Wir sind nicht mehr ganz so jung, haha, wir sind alle in den Dreißigern, einige gehen auf die vierzig zu. Keiner von uns musste viel aufgeben, aber wir mussten einen großen Teil unserer Zeit dafür aufwenden. Wir arbeiten alle Vollzeit, also wird jeder Urlaubstag genutzt, um auf Tour zu gehen. Ich kann mir nicht vorstellen, dass wir jemals eine Band werden, die nur vom Touren lebt. Wir sind alle zu alt und ich würde meine Couch und meinen Fernseher zu sehr vermissen, außerdem lässt sich mit der Musik kein Geld verdienen!

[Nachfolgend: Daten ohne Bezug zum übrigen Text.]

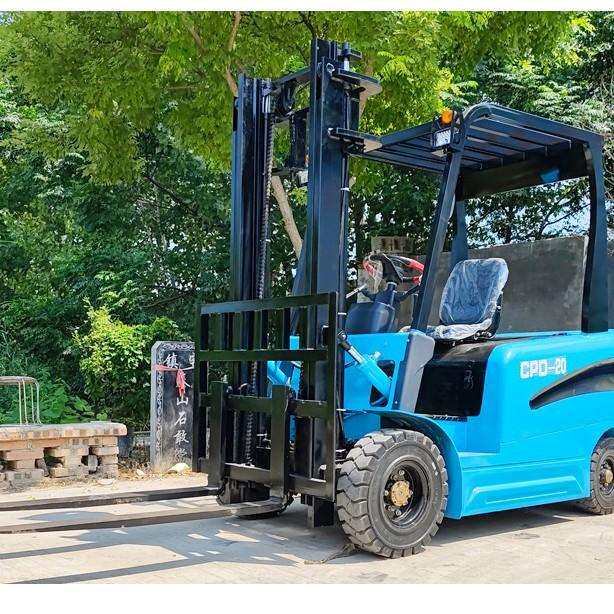 小型电动叉车1吨2吨电动搬运车三支点 叉车液压升降叉车3吨叉车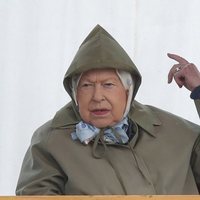La Reina Isabel en Royal Windsor Horse Show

In der deutschen Punk-Szene spielen die gegenseitige Fürsorge und die Einrichtung geschützter Räume für Menschen, die potenziell von sexuellen Übergriffen betroffen sind, eine immer wichtigere Rolle. Ist das auch in Großbritannien ein Thema? Und was tust du, um sicherzustellen, dass sich alle bei euren Shows sicher und wohl fühlen?
Das Schaffen eines sicheren und inklusiven Umfelds und die Gewährleistung der Sicherheit und des Wohlbefindens aller Besucher unserer Shows hat für uns oberste Priorität. Wir setzen uns dafür ein, eine Atmosphäre zu schaffen, in der die Besucherinnen und Besucher Spaß haben können, ohne Angst vor sexuellen Übergriffen oder Belästigungen zu haben. Wir wollen, dass unsere Auftritte Orte sind, an denen Menschen zusammenkommen können, um die Freude an der Musik und der Gemeinschaft zu teilen. Wenn wir auf ein Problem aufmerksam gemacht werden, werden wir etwas dagegen unternehmen. Wir wollen sicherstellen, dass jedem, der meint, dass übergriffiges Verhalten akzeptabel sei, konsequent begegnet wird.

Um auf euren Albumtitel „What A F*cking Nightmare“ zurückzukommen ... was sind eure größten Albträume, Ängste, Sorgen im Moment?
Die Welt ist am Arsch. Da geht es nicht mehr um die Furcht davor, dass all der Scheiß eintreten wird, weil wir es schon erleben. Wir können tun, was wir wollen, nichts wird besser werden. Wir müssen uns einfach so gut wie möglich damit arrangieren.

Wer hat das großartige Coverartwork des Album gestaltet ... und was ist die Idee dahinter?
Ein Künstler namens Pablo Gallo – auf Instagram: @pablogallooo – hat es gestaltet. Paco von La Vida Es Un Mus war so freundlich, den Kontakt zu vermitteln, und Pablo hat auf den Punkt getroffen, was wir sagen und vermitteln wollten. Im Grunde wollten wir einfach ein Szenario, das wie ein verdammter Albtraum aussieht, ein Ort oder eine unangenehme Situation, in der man sich befindet.

Sonst noch etwas?
Danke für das Interview, mir haben die Fragen gefallen. Wir kommen im März mit MADBALL, SCOWL, SUNAMI und MINDWAR wieder nach Deutschland. Let’s go, baby!